WEF Executive Chairman Klaus Schwab put on a brave face and celebrated the nearly 2,500 people who did show up, proof, he said, of the need for a “trusted, informal, and action-oriented global platform.” However, as a forum celebrating globalisation, the WEF risks losing relevance in an era of fragmentation. Also, the war in Ukraine and its economic fallout has bumped climate change off the top spot on the list of global concerns. The challenge of shaping a green future whilst meeting the COP26 (Glasgow) commitments was largely left unaddressed.

Patriotic Millionaires

A welcome distraction was supplied by a protest of the ‘Patriotic Millionaires’ who demand governments start taxing them to counter rising inequality. The millionaires staged a sit-in demanding that political leaders stop listening to ‘those who have the most yet know the least about the cost-of-living crisis.’

Former business consultant and financial adviser Phil White of Patriotic Millionaire UK said the “only credible outcome” of the WEF event would be a strong resolve to tax the rich. The movement sent an open letter to all WEF participants calling for the introduction of wealth levies. Worldwide, about 150 millionaires and billionaires signed the letter.

In its annual report on inequality, UK charity Oxfam claimed that since early 2020 a new billionaire has been created every 30 hours, about the same time (33 hours) it takes to push a million people into poverty.

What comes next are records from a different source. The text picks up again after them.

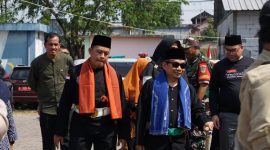 Wakil Wali Kota Cilegon, Sanuji Pentamarta, dan Anggota Komisi 1 DPR RI, Jazuli Juwaini, saat menghadiri kegiatan Festival Seni Rampak Pencak Silat, di Halaman Pasar Blok F Kota Cilegon pada Minggu, 6 Agustus 2023. ISTIMEWA 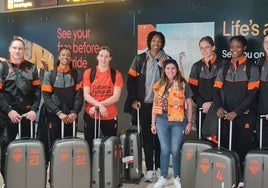 Las jugadoras del Valencia Basket posan con una aficionada a su llegada a Manises.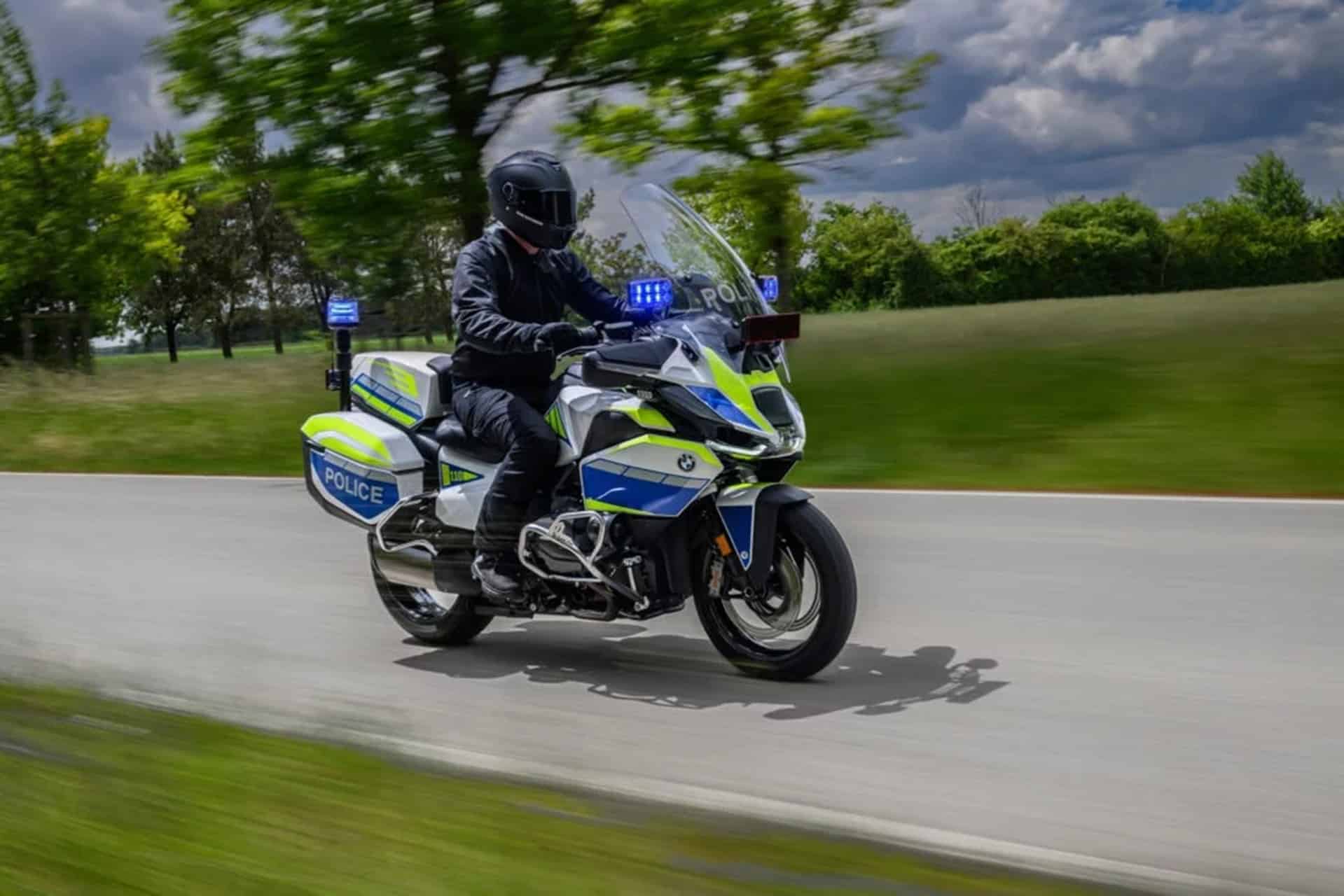 BMW R 1300 RT-P 2025：德国品牌展示了其新的高级飞行旅行的警察版本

IMF Managing Director Kristalina Georgieva spoke of a “confluence of calamities” facing the global economy: “We are concerned that the world is heading towards more fragmentation with trade and currency blocs splitting the integrated global economy.”

IMF Chief Economist Gita Gopinath noted that things are likely to get worse before they get better and said that a recovery may be lopsided and favour advanced economies. Ms Gopinath departed from convention by dismissing fears of a wage-price spiral fuelling inflation: “Wages do not have to be suppressed. A situation may arise in which wages rise but prices do not. Profit margins could be squeezed instead.”

Rebuke

Governor Andrew Bailey of the Bank of England took a more orthodox view and asked workers to “think and reflect” before asking their employers for pay rises. Mr Bailey, who earns £575,000 a year, disclosed that he had refused a pay rise. His remark drew a prompt rebuke from Prime Minister Boris Johnson and the ire of Unite union leader Sharon Graham who wondered why in every crisis “rich men ask ordinary people to pay for it.”

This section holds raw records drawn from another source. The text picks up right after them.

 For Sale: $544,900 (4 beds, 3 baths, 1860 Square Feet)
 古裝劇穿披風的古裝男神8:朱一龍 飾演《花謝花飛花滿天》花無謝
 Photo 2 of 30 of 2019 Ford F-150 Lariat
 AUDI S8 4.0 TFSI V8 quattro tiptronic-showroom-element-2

Expecting to realise $250bn in oil revenues this year, the cash-flush delegation of Saudi Arabia offered a bright spot in Davos with representatives of less fortunate states queueing up to ask for a slice of the kingdom’s sovereign wealth fund investments. Aramco CEO Amin Nasser warned the world is failing to take the issue of energy security, availability, and affordability seriously. Mr Nasser said that the West’s “overzealous embrace” of the green transition had led to years of under-investment and high oil prices. Earlier this month, Aramco overtook Apple as the world’s most valuable company.

Charles Kaye, CEO of Warburg Pincus – one of the world’s largest private equity funds, summed up the sombre mood in Davos by noting that “pretty much no one has seen conditions like the present during the arc of their investing career.” Mr Kaye also commented that until recently, the absence of geopolitical considerations had “provided oxygen to global growth.”  However, he said that now geopolitics are “front and centre” of investment decisions as are the novel concepts of reshoring, nearshoring, and onshoring. The world, it would seem, is no longer flat.